C. PAC ET DROIT DE LA CONCURRENCE - PRÉSENTATION GÉNÉRALE

Il convient de replacer la négociation contractuelle entre éleveurs et industriels dans le cadre du droit de l'Union européenne. Celui-ci se présente sous la forme d'une réglementation gigogne alternant principes et dérogations, à leur tour limitées. L'instabilité juridique qui en résulte suscite l'incompréhension légitime des professionnels de la filière laitière.

1. Le principe : l'article 101 du traité sur le fonctionnement de l'Union européenne

Le droit de l'Union européenne et le droit national prohibent les pratiques anticoncurrentielles, à savoir les ententes (articles 101 du traité sur le fonctionnement de l'Union européenne -TFUE- et L. 420-1 du Code de commerce) et les abus de position dominante (articles 102 du TFUE et L. 420-2 du Code de commerce). En l'espèce, l'article de référence est l'article 101 du TFUE.


Article 101 du TFUE
(ex-article 81 TCE)

1. Sont incompatibles avec le marché intérieur et interdits tous accords entre entreprises, toutes décisions d'associations d'entreprises et toutes pratiques concertées, qui sont susceptibles d'affecter le commerce entre États membres et qui ont pour objet ou pour effet d'empêcher, de restreindre ou de fausser le jeu de la concurrence à l'intérieur du marché intérieur, et notamment ceux qui consistent à :

a) fixer de façon directe ou indirecte les prix d'achat ou de vente ou d'autres conditions de transaction,

b) limiter ou contrôler la production, les débouchés, le développement technique ou les investissements,

c) répartir les marchés ou les sources d'approvisionnement,

d) appliquer, à l'égard de partenaires commerciaux, des conditions inégales à des prestations équivalentes en leur infligeant de ce fait un désavantage dans la concurrence,

e) subordonner la conclusion de contrats à l'acceptation, par les partenaires, de prestations supplémentaires qui, par leur nature ou selon les usages commerciaux, n'ont pas de lien avec l'objet de ces contrats.
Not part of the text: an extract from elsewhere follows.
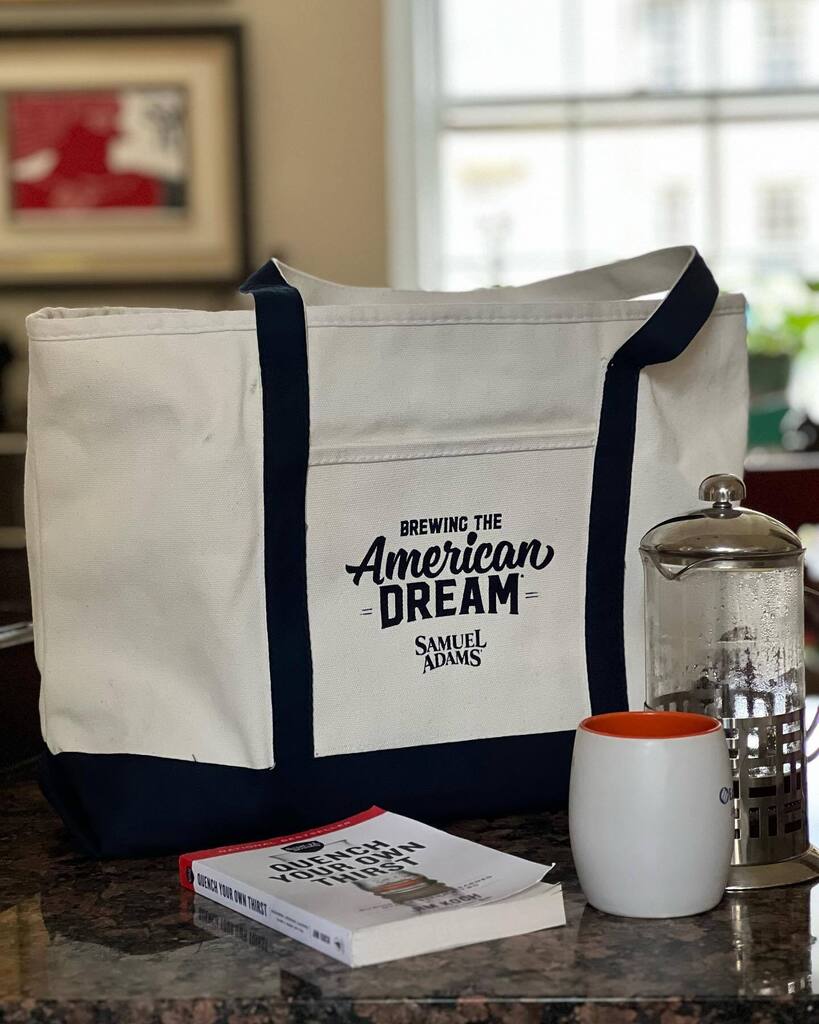 Brewing the American Dream and a great #coffee… priceless #samadams #samadamsbtam #werk #werkingit instagr.am/p/Crvhk3OO1Pf/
2. Les accords ou décisions interdits en vertu du présent article sont nuls de plein droit.

3. Toutefois, les dispositions du paragraphe 1 peuvent être déclarées inapplicables :

- à tout accord ou catégorie d'accords entre entreprises,

- à toute décision ou catégorie de décisions d'associations d'entreprises et

- à toute pratique concertée ou catégorie de pratiques concertées qui contribuent à améliorer la production ou la distribution des produits ou à promouvoir le progrès technique ou économique, tout en réservant aux utilisateurs une partie équitable du profit qui en résulte, et sans :

a) imposer aux entreprises intéressées des restrictions qui ne sont pas indispensables pour atteindre ces objectifs,

b) donner à des entreprises la possibilité, pour une partie substantielle des produits en cause, d'éliminer la concurrence.
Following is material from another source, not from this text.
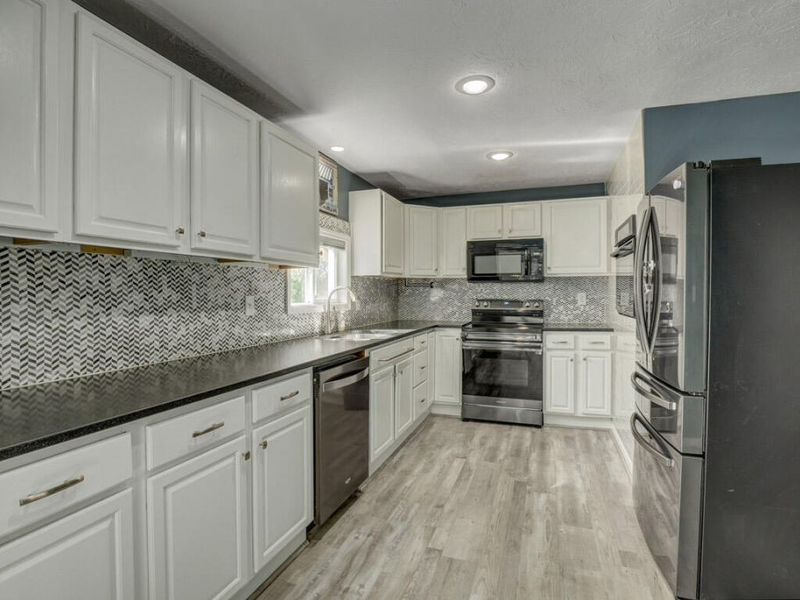 4921 Holtz Drive, Cold Spring, KY 41076 Photo 15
Une entente est une pratique par laquelle des opérateurs vont être à l'origine d'une collusion au détriment d'un tiers (concurrents, clients ou consommateurs). Les articles 101 du TFUE et 420-1 du Code de commerce mentionnent trois formes d'ententes, conduisant à une perte d'autonomie des opérateurs économiques : les décisions d'association, les accords entre entreprises et les pratiques concertées.  L'éventail des formes d'ententes est donc large. Les décisions d'association peuvent prendre différentes formes (associations sans but lucratif, associations de fait, organisations professionnelles, groupements d'intérêt économique...). La coordination des opérateurs est l'élément déterminant de l'illicéité du comportement. Des indices graves, précis et concordants attestant d'un contact entre les opérateurs (mail, déjeuners, téléphone), suffisent à démontrer une pratique concertée.
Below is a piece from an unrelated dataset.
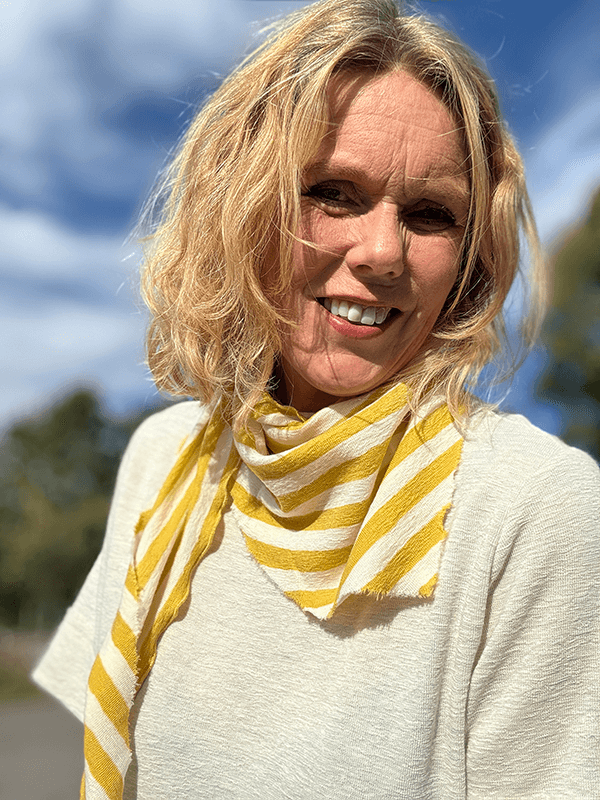 1055 Knit Kerchief TriangelSkjerf (M), Lemon Curry/Raw White, Merino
Les ententes peuvent être classées selon leur forme ou selon les opérateurs impliqués : les cartels sont des ententes secrètes dont la nocivité est indiscutable mais les ententes peuvent être plus floues et c'est moins l'entente qui est sanctionnée que son impact sur la restriction de concurrence. Les ententes horizontales visent tout accord conclu entre des concurrents situés au même niveau de la chaîne économique du marché (la fixation des prix, la limitation de production, le partage de marchés et de la clientèle sont interdites en raison de leur objet restrictif de la concurrence). Les ententes verticales concernent les accords conclus entre opérateurs économiques situés à un niveau différent de la chaîne de production (un accord entre un producteur et un transformateur imposant des restrictions de vente entre dans cette catégorie par exemple).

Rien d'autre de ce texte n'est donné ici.